Recently, we learned about a project which shows how the principles of Knowledge Sharing can be applied to the scientific domain, specifically to genomics data. DNAdigest is a Not-for-Profit Organisation founded and located in Cambridge, UK, by a group of individuals from diverse backgrounds who all want to see genomics used to its full potential to aid medical research. The objective of DNAdigest is to provide a simple, secure and effective mechanism for sharing genomics data for research without compromising the data privacy of the individual contributors.
From the beginning, this concept sounded very appealing to us. That’s why we contacted Fiona Nielsen, founder of this great initiative, to talk about the goals of the project, its approach on making use of such sensitive data and the current status of data sharing within the scientific community.
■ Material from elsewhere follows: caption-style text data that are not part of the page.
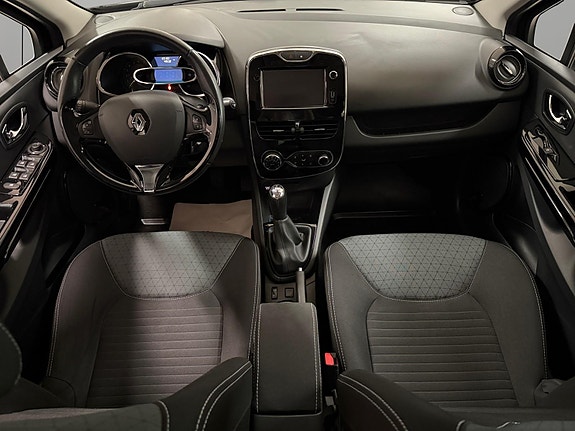 Renault Clio 16 of 30
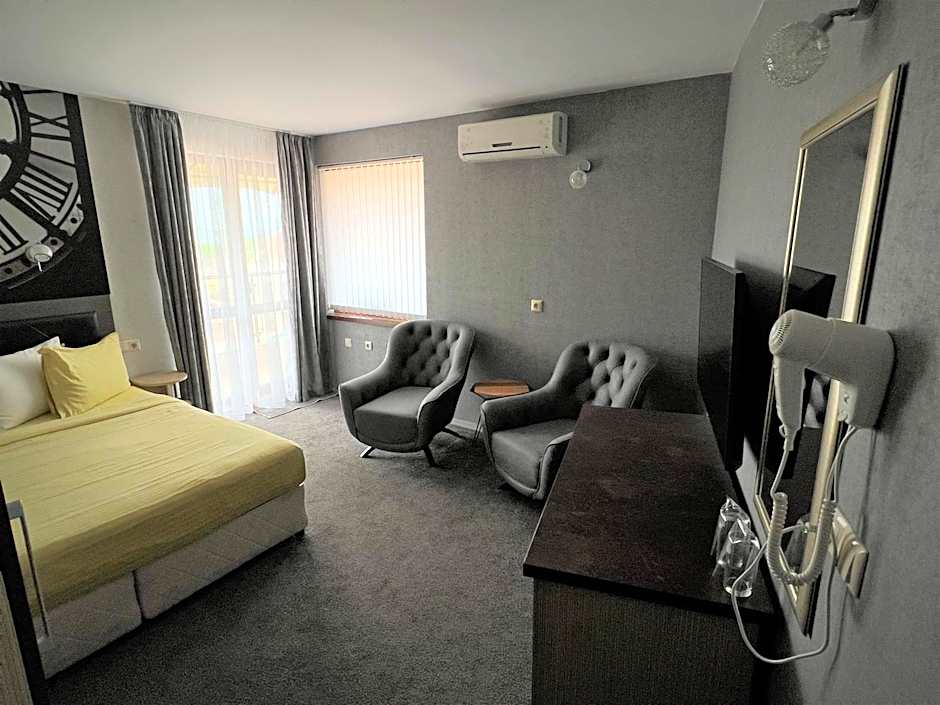 Hotel Lazur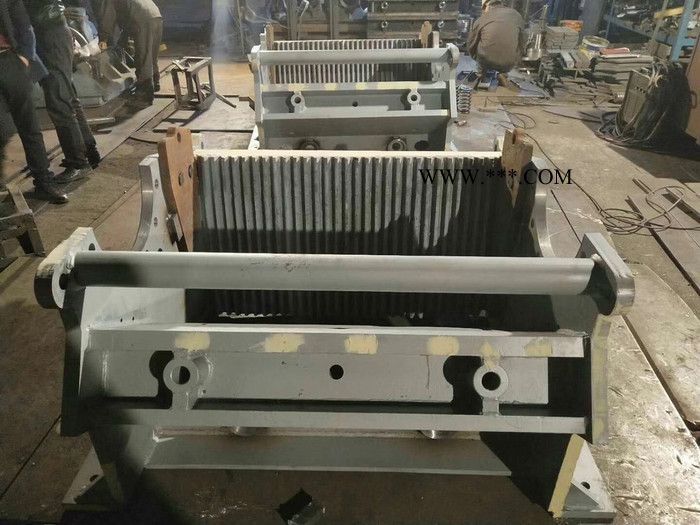 小型顎式破碎機 石塊碎石機  石料粗破設備 顎式破碎機生產(chǎn)廠家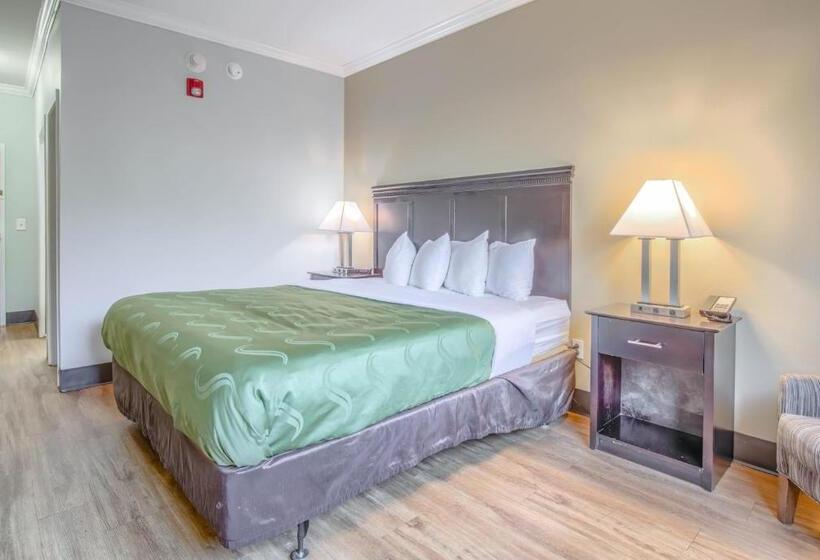 اتاق استاندارد با تخت بزرگ, Quality Inn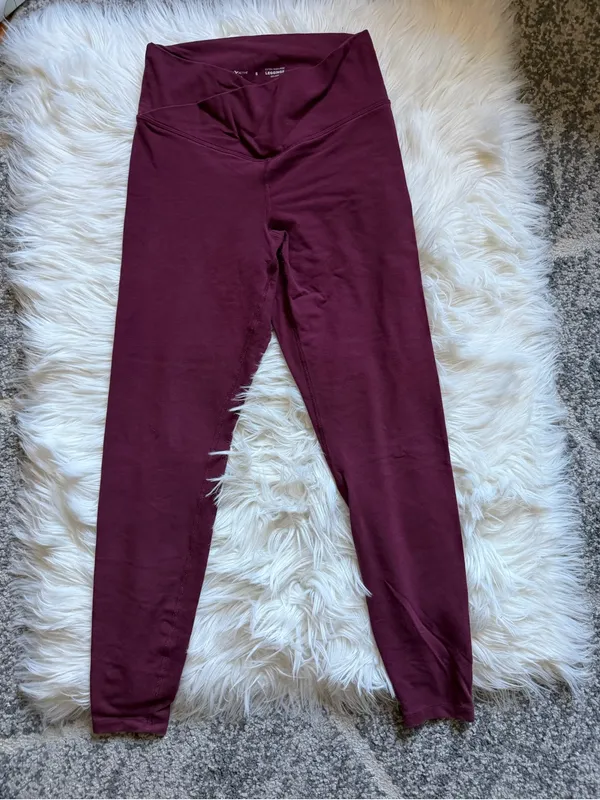Old Navy Powerchill leggings - Image 4
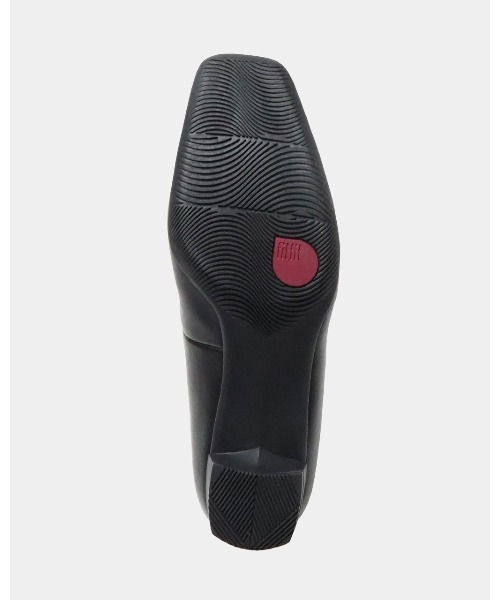 fitfit(フィットフィット)の「スクエアトゥパンプニーカー130(パンプス・レディース・ブラック/ベージュ・22cm/22.5cm/23cm/23.5cm/24cm/24.5cm/25.0cm)」の11枚目の写真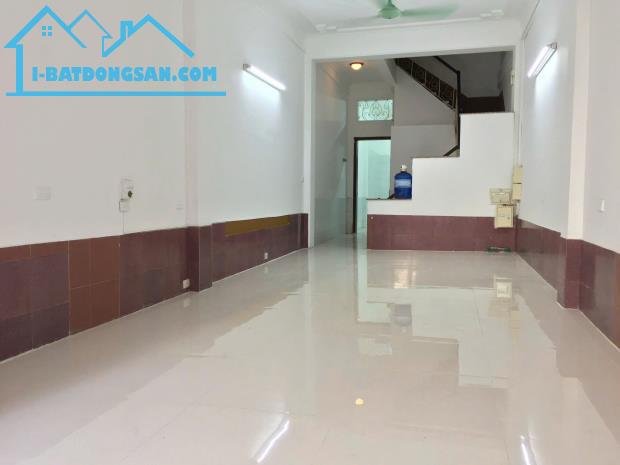 Bán nhà phố Láng Hạ Ba Đình 57m 4 tầng, mặt tiền 3.5m 18.5 tỷ.Kinh doanh, ô tô tránh.
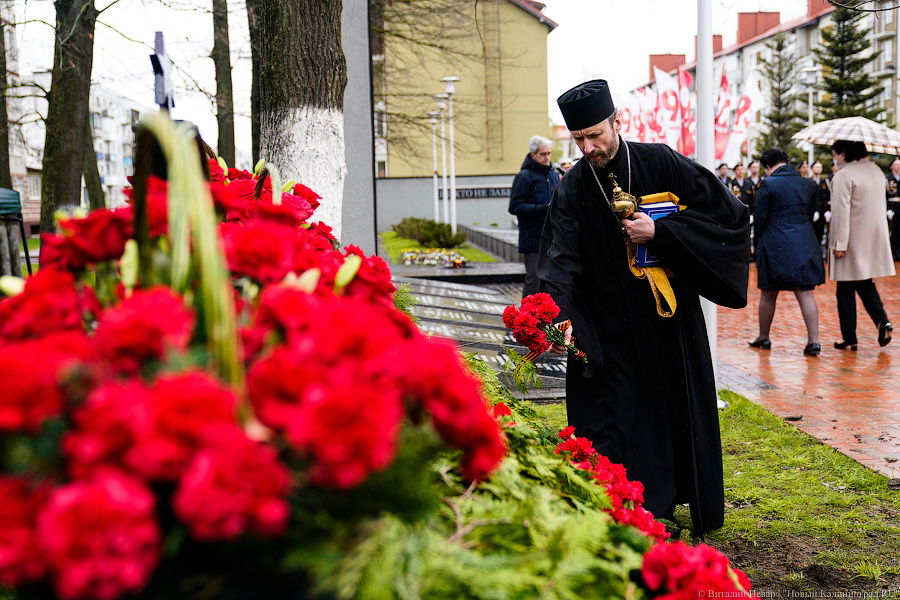 В Чкаловске перезахоронили останки советских воинов: фоторепортаж «Нового Калининграда»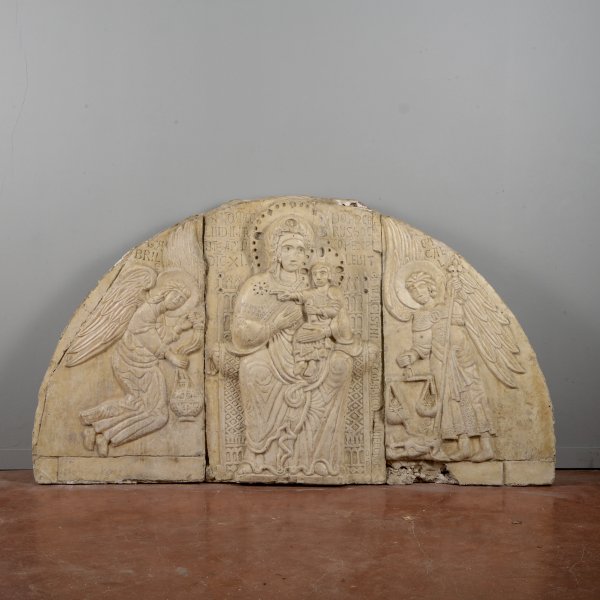 Lunetta in gesso Madonna con Bambino e angeli stile alta epoca XIII secolo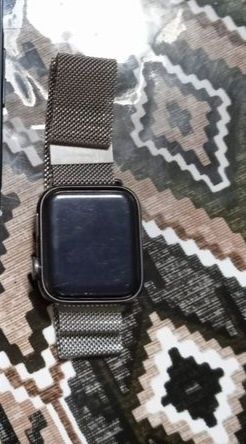 Продам apple watch se 40 mm оригинал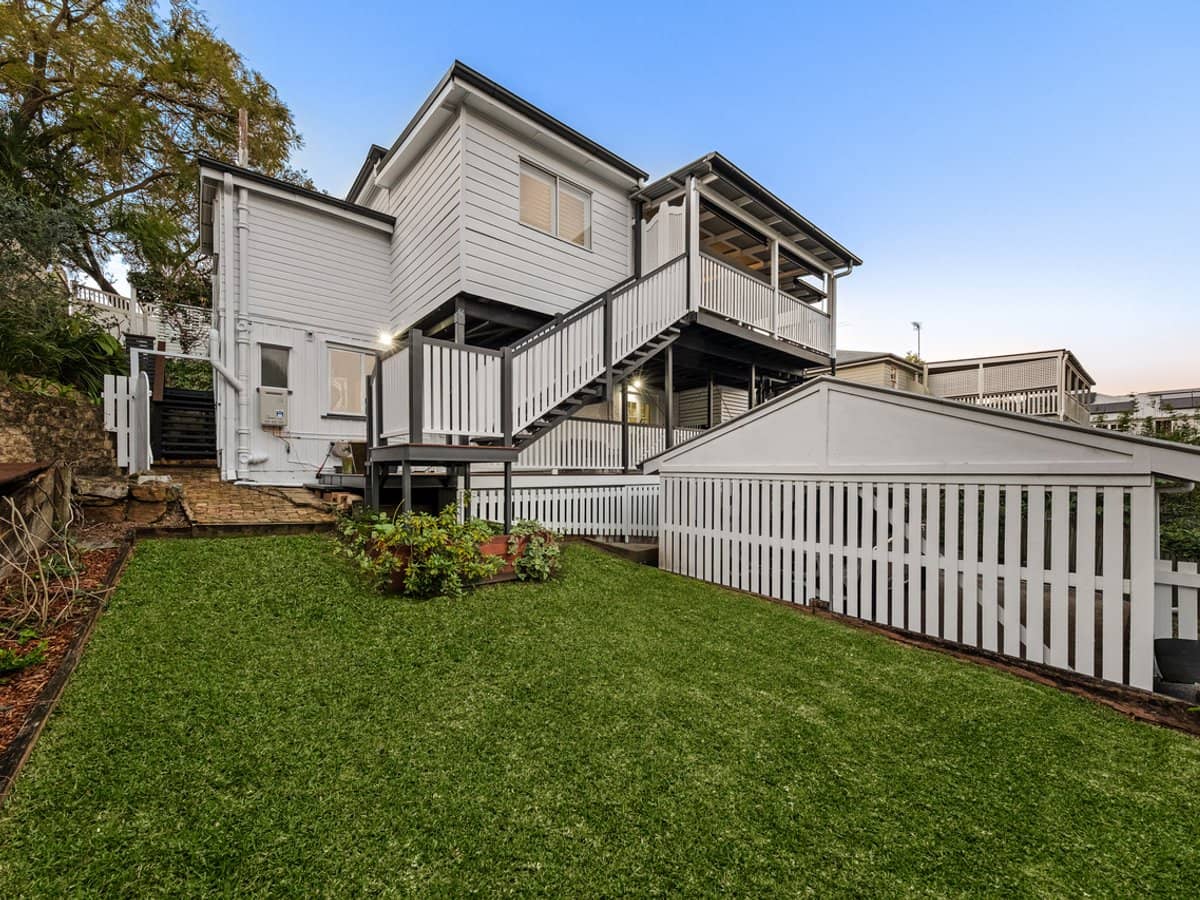 140A Kennedy Terrace, PADDINGTON - Thumbnail 2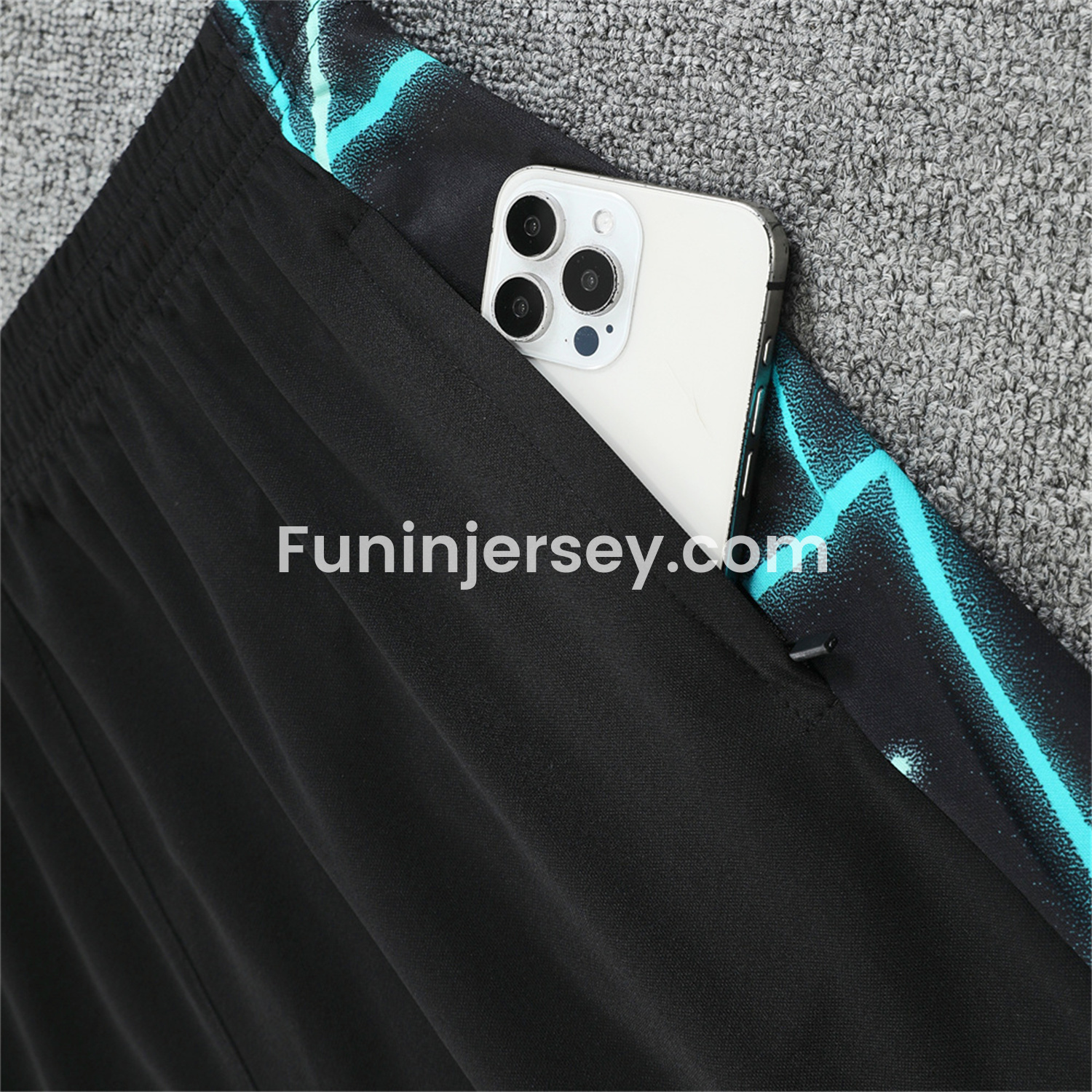 Funinjersey-Inter Milan 25-26 Short-Sleeve Training Set - Blue Fluorescent Rays Black Top & Black Shorts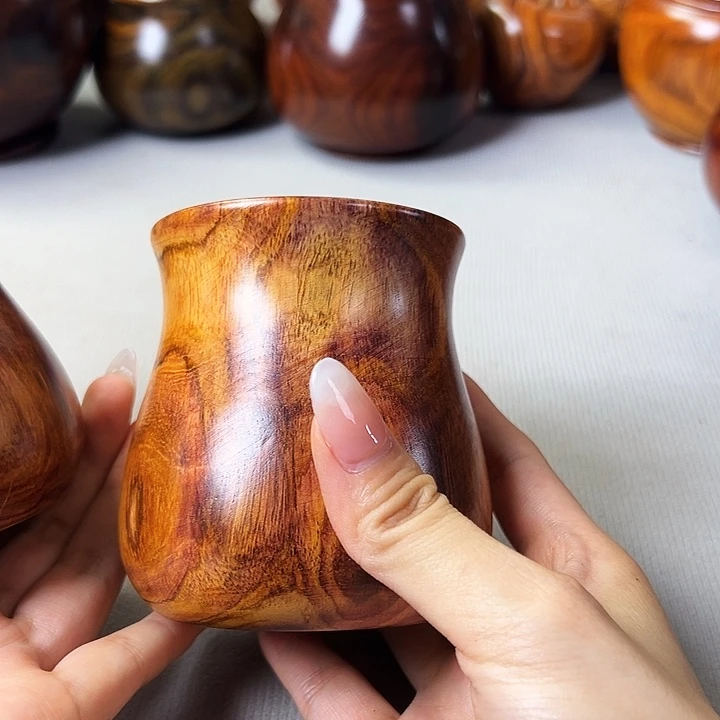 戈**蟀越南黄花梨杯子一个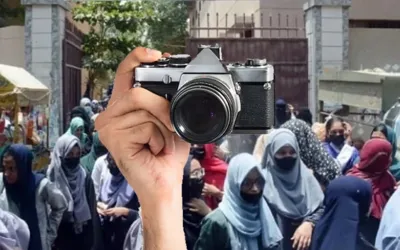 Sindh bans photography in govt girls’ colleges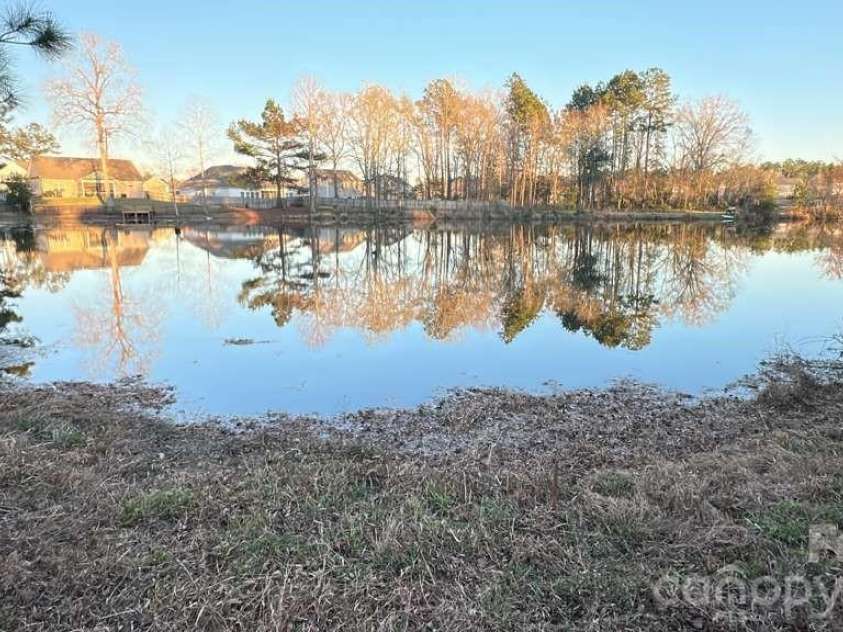 221 Shadowbrook Way, Camden, SC 29020.  MLS# CAR4353175, YatesRealty ID 12966. 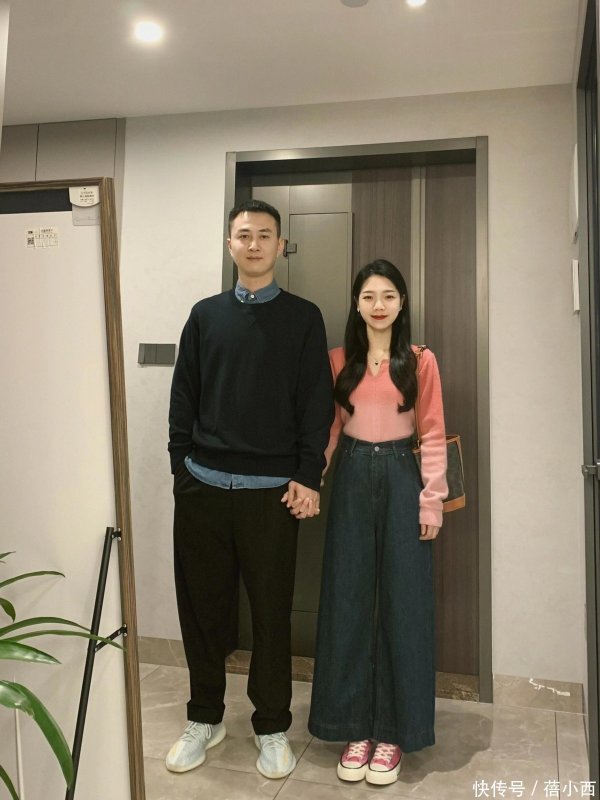 安福相册 这对40岁老婆带火了“从简穿搭”，很端淑，果真中年女性穿搭楷模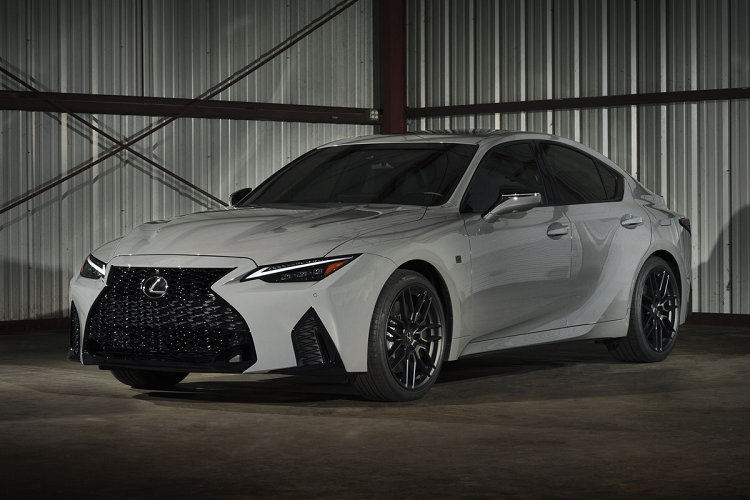 Lexus IS 500 F Sport co gi dac biet?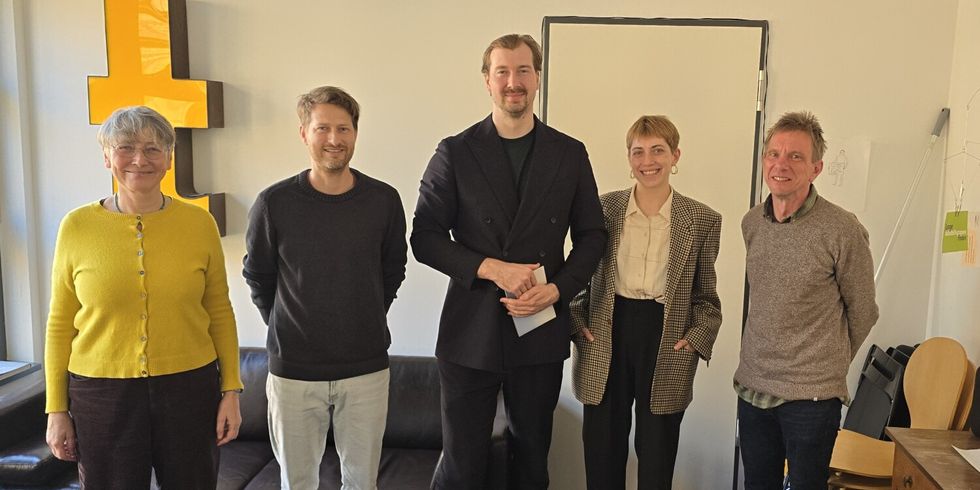 Karin Hirdina, Geschäftsführerin der ajb gmbH Berlin, Sebastian Bowe von der Beratungsstelle Soulspace, Bezirksstadtrat Max Kindler, Alexandra Gelbstein, Leiterin der QPK und Mario Schellong, Regionalleitung von ajb für Friedrichshain-Kreuzberg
DNAdigest is still in the development process but already shows a promising future. Not only they have been selected for the Wayra UnLtd accelerator programme for social entrepreneurs, they are also working hard on building a community around the idea, organising events like hack days and workshops. Since, no one can describe the project better than its creator, we invite you to discover more about it through the following sequence of questions and answers.
1) Fiona, could you first introduce yourself and DNAdigest?
I am a bioinformatics scientist turned entrepreneur. I used to work in a biotech company where I was developing tools for interpretation of next-generation sequencing data and I took part in a number of projects where I was doing the data analysis of cancer sequencing samples. During my work, I realised how difficult it is to find and get access to genomics data for research.
DNAdigest was founded as an entity to provide a novel mechanism for sharing of data, aligning the interests of patients and researchers through a data broker mechanism, enabling easy access to anonymised aggregated data.
2) Why it is important to share genomics data? Quoting your website, the current state of sharing this information is embarrassingly limited. How does DNAdigest address this problem?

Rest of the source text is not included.